Top 38 Quotes About Shortstop
#1. Different styles work for different guys ... If you can handle shortstop and hit, teams will find a way to pencil you into the lineup.
Cal Ripken Jr.
#2. I played Little League. I was a 'pitcher.' But we had a pitching machine, so I was just basically an 'in-infield' shortstop because all I got to do was field bloopers six feet from the plate. I couldn't hit, so that was pretty much my entire job.
Freddie Prinze Jr.
#3. I just wanted to be like my dad, Jesus. He was a good shortstop.
Johan Santana
#4. The Phillies in the 1960s had shortstop Bobby Wine and second baseman Cookie Rojas, a period known as the Days of Wine and Rojas.
Tim Kurkjian
#5. I have the greatest job in the world. Only one person can have it. You have shortstops on other teams - I'm not knocking other teams - but there's only one shortstop on the Yankees.
Derek Jeter
#6. Playing shortstop is 75 to 80 percent anticipation, knowing the hitter and the pitch being thrown.
Lou Boudreau
#7. Despite the loud booing from Shari and Greg, Bird managed to punch the ball past the shortstop for a single.
"Lucky hit!" Greg yelled, cupping his hands into a megaphone.
Bird pretended not to hear him.
R.L. Stine
#8. I feel a lot more comfortable at shortstop, but it's no problem, I'll move to make room.
Jose Reyes
#9. There's so much attached to playing shortstop that you lose your concentration on hitting, unless you're a natural hitter. There's so much to think about in the field, you don't have time to think about what you did at the plate last time. 'How did he get me out?'
Lou Boudreau
#10. What is the top requirement for a second baseman? A fine shortstop. I am fortunate in having the greatest shortstop in baseball, Luis Aparicio.
Nellie Fox
#11. The overall thinking of the shortstop covers the overall context of the ballgame. You have to know the count they'll hit-and-run on. You're thinking of the speed, not only of the runner at first base, but the runner at the plate. You have to know how fast the pitcher is on a particular day.
Lou Boudreau
#12. Jill continues: "I scored a top-10 shortstop by getting rid of two players I had planned to drop and, oh yes, a blow job that I never ever planned to give.
Matthew Berry
#13. There's just not a lot of inventory, and to find a shortstop or a catcher, or a centerfielder, that you think that could stay at those positions ... they're very hard to acquire. Sometimes you have to overpay for them, because of that lack of inventory.
Kevin Towers
#14. I'd like to be remembered. I'd like to think that someday two guys will be talking in a bar and one of them will say something like, 'Yeah, he's a good shortstop, but he's not as good as ole Ripken was.'
Cal Ripken Jr.
#15. My dad had been shortstop when he was in college, and you know, when you're a kid, you want to be just like your dad.
Derek Jeter
#16. The shortstop is a perfectly conditioned athlete.
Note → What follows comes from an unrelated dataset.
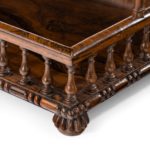 A Regency rosewood book tray attributed to Gillows corner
You're running out on relays all the time. You're covering second base. On every pitch, you're moving.
Lou Boudreau
#17. You should have seen Willie Wells play shortstop: as good as Ozzie Smith and a better hitter. How I wish people could have seen Ray Dandridge play third base, as good as Brooks Robinson and Craig Nettles and all of those. He was bowlegged; a train might go through there, but not a baseball.
Monte Irvin
#18. Nobody ever won a pennant without a star shortstop.
Leo Durocher
#19. He can run, steal bases, throw, hit for average, and hit with power like I've never seen. Just don't put him at shortstop.
Mickey Mantle
#20. I always wanted to be a shortstop so I could play more often!
Jim Abbott
#21. To reach a ball he has never reached before, to extend himself to the very limits of his range, and then a step farther, this is the shortstop's dream.
Chad Harbach
#22. All that analysis is well and good, but what I need right now is a left-handed batter who can hit the ball over the shortstop's head.
Casey Stengel
#23. I made the varsity team as a freshman at 15. Then, I tore a tendon and never fully recovered. I was a shortstop, then third baseman, then second baseman.
Peter Scolari
#24. You are recognized by your bat. If you are the best hitting shortstop out there, that's how you win a Gold Glove. That's the way it is. It shouldn't be-it's a defensive award.
Jimmy Rollins
#25. I used to get made fun of in the minor leagues. I'd be 0 for 2, and then in my last at-bat I'd hit a chopper that wouldn't even reach the shortstop, and I'd get a hit out of it. The guys would be all over me, but a hit's a hit. I'll take 3,000 of 'em.
Mike Trout
#26. You've just got to keep playing hard. You have to remember that you are not just playing for the Twins. There are other teams out there. If anybody needs a shortstop they are going to come knocking on the door. So, you just have to be ready at all times.
Jason Bartlett
#27. I liked playing with David Eckstein (former Angels shortstop). I'm not talking about players with top skills, I'm sure there were players with way more skill than him, but there were very few people in the league that had the heart like him.
Bengie Molina
#28. Putting Henry at shortstop - it was like taking a painting that had been shoved in a closet and hanging it in the ideal spot. You instantly forgot what the room had looked like before.
Chad Harbach
#29. I was a pitcher, shortstop and outfielder, and the Yankees tried to sign me out of high school as a first-round draft pick in 1981. I turned them down to go to college.
Bo Jackson
#30. My Daddy was left-handed, and I was left-handed when I was little. In fact, I was left-handed all the way to high school. Then I switched over to right-handed cause I wanted to play shortstop.
Luke Appling
#31. If the shortstop makes an error, I am responsible. I let the batter hit the ball.
Pedro Martinez
#32. I am a lefty, though I bat right-handed ... When I was a kid I pitched, played first, outfield and shortstop as well. Now it's mainly softball with some friends.
Josh Charles
#33. I was for a short time on the baseball team as shortstop, where I was no good.
Herbert Hoover
#34. Yount, who was an 18-year-old shortstop when he met Uecker, and is one of Bob's closest friends, noticed immediately that the event was held in the afternoon with only a smattering of media members on hand. "God, this unbelievable," Yount said. "Fifty thousand empty seats. What a ceremony.
Bill Schroeder
#35. Carl Yastrzemski was the best all-around player. He could run, throw and hit. He had the ability to play a number of different positions. He signed as a shortstop. He could play the outfield, of course, and third base and first, too. He was a tremendous athlete. Mickey Mantle was unbelievable, too.
Al Kaline
#36. I never wanted to be a dancer. It's true! I wanted to be a shortstop for the Pittsburgh Pirates.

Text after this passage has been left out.